A method for evolving a water wave waveform based on a high-order water wave model comprises the steps of constructing the water wave model, carrying out logarithmic transformation, constructing a test function f, evolving the water wave model and determining parameters. The invention considers a complex actual water wave model, combines the waveform characteristics of periodic waves and solitary waves, evolves a high-order high-dimensional water wave model, obtains corresponding parameters and a corresponding symbolic representation form, and shows the physical characteristics of a new waveform corresponding to the model in the motion process and the propagation process. Through simulation experiments, the invention realizes the combination of theoretical analysis and practical problems, enriches the display of the interaction of long waves corresponding to the models, can be used for analyzing the physical characteristics of long-wave models in practical problems and expands the application range of the long waves.

Description

Method for evolving water wave waveform based on high-order water wave model
Technical collar city
The invention belongs to the technical field of waveform processing, and particularly relates to determination of an evolution water wave waveform of a high-order water wave model.
Background
In real life, research on a nonlinear high-dimensional high-order water wave model relates to a plurality of natural disciplines such as biology, hydraulics, physics, mechanics, computer disciplines and the like. In the research process, students find that a high-dimensional water wave model can be simulated according to the natural state of water waves, parameters of a high-order high-dimensional water wave model are determined through the evolution of a known wave pattern, a mathematical model of the water waves can be obtained according to parameter analysis, and actual problems are abstracted into the mathematical model which is favorable for research and analysis. The energy change and the propagation state of high-dimensional high-order water waves can be better observed through the research on the parameters of the mathematical model. Therefore, the research of high-dimensional high-order water wave models is gradually valued by scientists. Previous studies on this type of model were limited to periodic or soliton wave patterns alone. The periodic wave graph can well show the propagation process and physical properties of the periodic wave, but only can show the properties of the periodic wave, and the analysis of multiple angles cannot be achieved. Similarly, the graph of the solitary wavelets can only show the wave change and the propagation process when the solitary wavelets collide, has certain limitation, cannot analyze more complex waveforms, and cannot adapt to more complex natural conditions. For the wave pattern of the low-dimensional water wave model, the process of wave propagation is difficult to show due to low dimension, which is not beneficial to the research and analysis of waves.
Disclosure of Invention
The technical problem to be solved by the invention is to overcome the defects of the prior art and provide a method for evolving a water wave waveform based on a high-order water wave model, which is simple, high in operation speed and high in accuracy.

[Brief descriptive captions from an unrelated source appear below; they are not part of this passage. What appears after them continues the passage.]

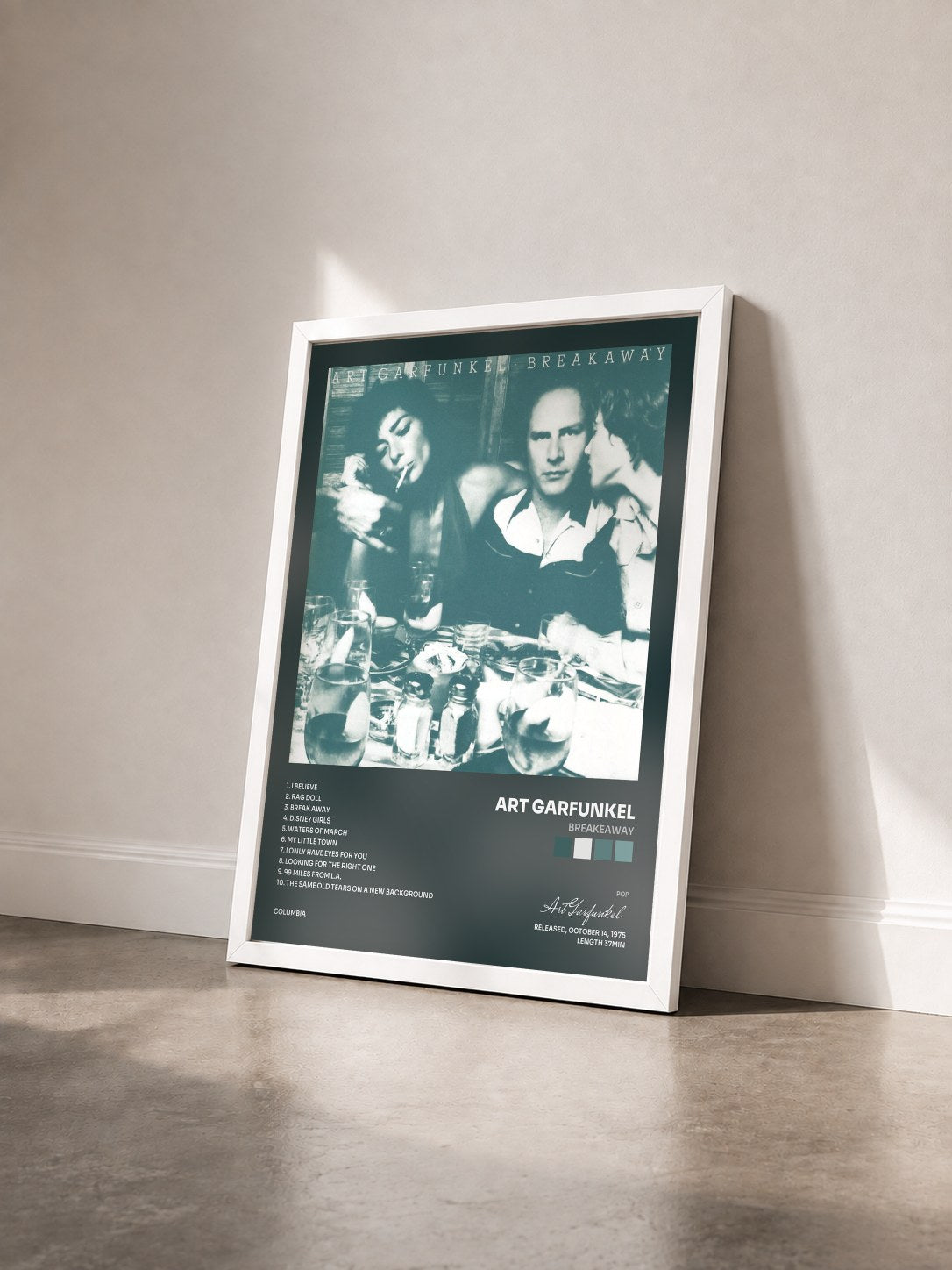 #blanc Tableau de l'album Breakeaway de Art Garfunkel vu de trois quarts, cadre blanc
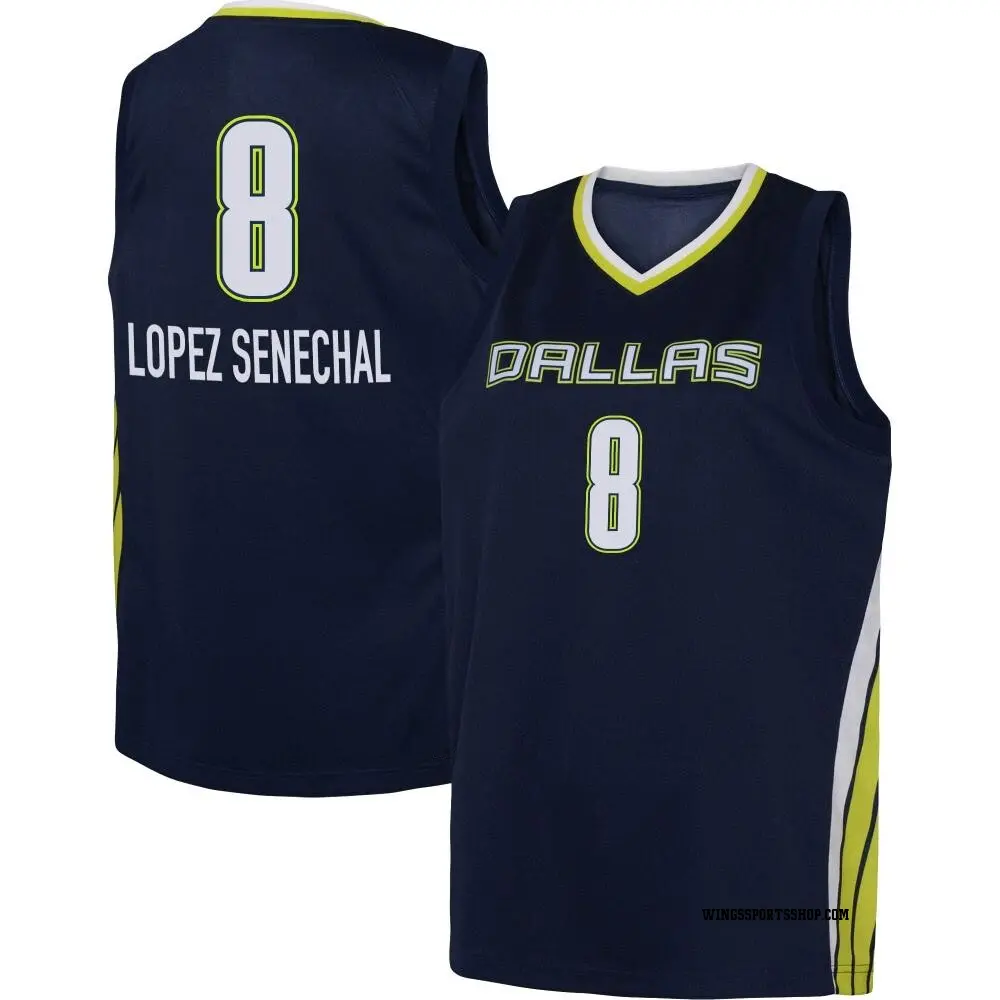 Youth Lou Lopez Senechal ＃8 Explorer Edition Victory Navy Dallas Wings 2021 Jersey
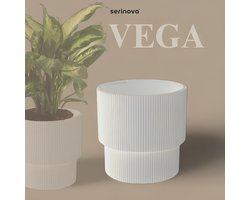 Luxe Vega bloempot - rond wit 36cm ronde witte sierpot - met wateropvang - 70% gerecycleerd materiaal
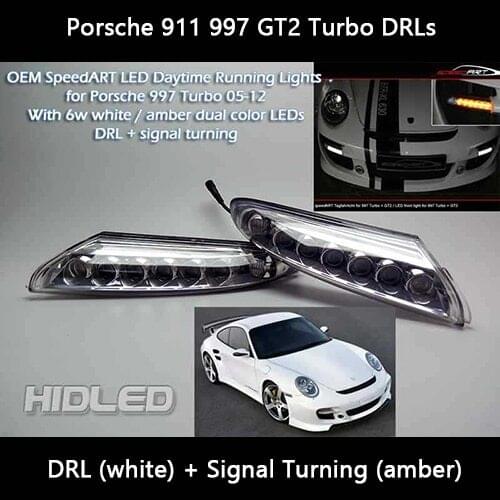 For Porsche 911 997 GT2 turbo LED Daytime Running Lights (white) With Amber Signal Turning 07'-12' Retrofit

The technical scheme adopted for solving the technical problems comprises the following steps:
(1) Construction of water wave model
A2 + 1-dimensional 4-order nonlinear water wave model is constructed according to formula (1):
αu yt +βu xxxy +γu x u xy +δu y u xx =0 (1)
u=u(x,y,t)
where u is a long wave formed by a time variable t and a space variable x and a space variable y x Is the first order partial derivative of u with respect to x, u y Is the first order partial derivative of u with respect to y, u t Is the first-order partial derivative of u with respect to t, u xx Is the second order partial derivative of u with respect to x, u yy Is the second order partial derivative of u with respect to y, u tt Is the second order partial derivative of u with respect to t, u xxxx Is the fourth order partial derivative of u with respect to x, u yyyy Is the fourth order partial derivative, u, of y tttt Is the fourth order partial derivative of u with respect to t, α, β, γ, ε are rational numbers, the ratio of α to β, γ, ε is 1:1 to 5: -5 to-1: -5 to-1.
(2) Logarithmic transformation
The following logarithmic transformation is performed according to equation (2):
u=N(lnf) x (2)
f=f(x,y,t)
f is a differentiable function with respect to the variables x, y, t, and N is an even number.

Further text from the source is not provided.